[Work required]:
What you give back should be exactly the opening lines of the data, ending with the line that contains "Chalet en venta" and including it.

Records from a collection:
[Start of Attachment]

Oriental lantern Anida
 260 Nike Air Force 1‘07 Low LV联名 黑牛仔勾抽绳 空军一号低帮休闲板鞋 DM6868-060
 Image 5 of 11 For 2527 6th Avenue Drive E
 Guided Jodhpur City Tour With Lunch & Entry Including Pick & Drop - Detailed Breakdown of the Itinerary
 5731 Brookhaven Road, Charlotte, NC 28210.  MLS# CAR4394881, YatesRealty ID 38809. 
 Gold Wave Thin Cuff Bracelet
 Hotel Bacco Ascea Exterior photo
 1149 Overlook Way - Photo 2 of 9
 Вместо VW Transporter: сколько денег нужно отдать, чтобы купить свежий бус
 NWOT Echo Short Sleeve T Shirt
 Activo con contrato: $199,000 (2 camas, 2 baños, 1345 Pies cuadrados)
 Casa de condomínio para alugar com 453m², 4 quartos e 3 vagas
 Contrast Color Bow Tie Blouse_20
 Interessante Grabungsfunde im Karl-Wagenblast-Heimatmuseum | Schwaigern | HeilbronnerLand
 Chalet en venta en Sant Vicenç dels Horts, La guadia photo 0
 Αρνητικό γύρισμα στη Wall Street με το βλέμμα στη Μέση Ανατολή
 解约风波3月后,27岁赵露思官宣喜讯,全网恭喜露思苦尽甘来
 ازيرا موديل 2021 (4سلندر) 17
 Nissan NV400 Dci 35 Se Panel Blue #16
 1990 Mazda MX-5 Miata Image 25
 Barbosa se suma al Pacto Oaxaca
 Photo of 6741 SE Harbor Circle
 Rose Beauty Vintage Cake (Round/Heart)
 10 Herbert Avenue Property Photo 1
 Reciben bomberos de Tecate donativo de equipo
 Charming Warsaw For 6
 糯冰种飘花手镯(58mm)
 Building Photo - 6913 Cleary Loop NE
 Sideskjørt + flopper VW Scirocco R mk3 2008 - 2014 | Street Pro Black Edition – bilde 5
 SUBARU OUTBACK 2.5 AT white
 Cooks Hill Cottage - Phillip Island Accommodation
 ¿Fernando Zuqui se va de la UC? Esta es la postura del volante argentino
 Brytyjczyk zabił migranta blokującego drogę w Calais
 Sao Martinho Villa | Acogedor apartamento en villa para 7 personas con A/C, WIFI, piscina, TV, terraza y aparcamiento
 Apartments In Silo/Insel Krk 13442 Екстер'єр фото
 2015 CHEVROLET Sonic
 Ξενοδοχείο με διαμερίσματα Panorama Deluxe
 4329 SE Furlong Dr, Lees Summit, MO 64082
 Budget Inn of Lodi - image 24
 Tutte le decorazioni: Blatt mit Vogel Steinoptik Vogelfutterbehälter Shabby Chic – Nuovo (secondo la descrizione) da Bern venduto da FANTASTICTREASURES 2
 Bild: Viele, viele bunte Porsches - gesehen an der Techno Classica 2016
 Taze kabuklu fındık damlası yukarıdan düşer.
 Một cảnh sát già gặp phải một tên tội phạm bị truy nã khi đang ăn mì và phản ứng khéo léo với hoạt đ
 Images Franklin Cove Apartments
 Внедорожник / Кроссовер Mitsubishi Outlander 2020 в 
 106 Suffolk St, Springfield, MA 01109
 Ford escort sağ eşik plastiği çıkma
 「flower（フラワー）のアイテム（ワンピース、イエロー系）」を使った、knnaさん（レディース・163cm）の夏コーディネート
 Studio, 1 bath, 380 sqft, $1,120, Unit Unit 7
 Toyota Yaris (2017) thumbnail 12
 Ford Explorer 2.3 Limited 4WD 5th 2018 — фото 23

[End of Attachment]

[Result of the task]:
Oriental lantern Anida
 260 Nike Air Force 1‘07 Low LV联名 黑牛仔勾抽绳 空军一号低帮休闲板鞋 DM6868-060
 Image 5 of 11 For 2527 6th Avenue Drive E
 Guided Jodhpur City Tour With Lunch & Entry Including Pick & Drop - Detailed Breakdown of the Itinerary
 5731 Brookhaven Road, Charlotte, NC 28210.  MLS# CAR4394881, YatesRealty ID 38809. 
 Gold Wave Thin Cuff Bracelet
 Hotel Bacco Ascea Exterior photo
 1149 Overlook Way - Photo 2 of 9
 Вместо VW Transporter: сколько денег нужно отдать, чтобы купить свежий бус
 NWOT Echo Short Sleeve T Shirt
 Activo con contrato: $199,000 (2 camas, 2 baños, 1345 Pies cuadrados)
 Casa de condomínio para alugar com 453m², 4 quartos e 3 vagas
 Contrast Color Bow Tie Blouse_20
 Interessante Grabungsfunde im Karl-Wagenblast-Heimatmuseum | Schwaigern | HeilbronnerLand
 Chalet en venta en Sant Vicenç dels Horts, La guadia photo 0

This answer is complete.